How our lenders flexibly earn interest
You deposit into a single liquidity pool (the “variable pool”). You can optionally opt into fixed‑rate markets and set per‑market allocation limits (e.g., “up to 50% of my deposit can fund 50% LTV 8.9% fixed loans, while 25% can fund 85% LTV 10.9% fixed rate loans”).
How you earn interest (variable + fixed)
- Variable earnings: The portion of your deposit not currently funding fixed loans earns a utilization‑based variable rate. When utilization (borrowed ÷ supplied) rises, variable rates rise (up to 20%); when it falls, rates fall. We target 90% utilization to maximize lender returns.
- Fixed earnings: When a borrower takes a fixed‑rate loan, the protocol sources funds from the shared liquidity pool from lenders who opted in to that fixed rate market. That portion of your deposit earns the borrower’s locked fixed rate until repayment. When the borrower repays, those funds move back to variable earnings. Fixed rate markets are targeted to earn higher interest than variable markets.
Why your funds are safe
Borrowers post collateral and must maintain a health factor. If a position becomes breaches 90% LTV, it becomes liquidatable via our dutch auction mechanism:
- The position is listed for auction (debt + collateral are always visible).
- Bidders bid to repay/assume the debt in exchange for the collateral (with a target bonus paid to lenders and bidders at 5% each).
- Auction results repay the pool, making lenders whole while the bidder receives the collateral.
How withdrawals work
- Withdraw from variable: You can withdraw up to 100% of available liquidity (assets not currently borrowed). If withdrawals reduce supply while borrows stay constant, utilization increases and the variable rates increase. This creates a market incentive to draw additional funds into the variable market.

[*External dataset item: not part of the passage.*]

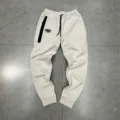 Comfortable fleece-lined streetwear jogger sweatpants with zip pocket and drawstring waist. - M / Bottoms / Apricot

- Withdraw with fixed: When borrowers repay fixed rate loans, those allocations are returned to variable markets. Lenders withdrawing funds from fixed rate loans swaps your current allocation with other lenders who want exposure to that market. In the event there are no lenders who want exposure to that market, lenders can turn off allocations to that market and wait for borrowers to repay.
The most important thing
You control your risk/return mix with one simple knob: allocation limits. Stay mostly variable for maximum liquidity and rate responsiveness, or allocate to fixed markets for more predictable yield—without splitting deposits across separate pools.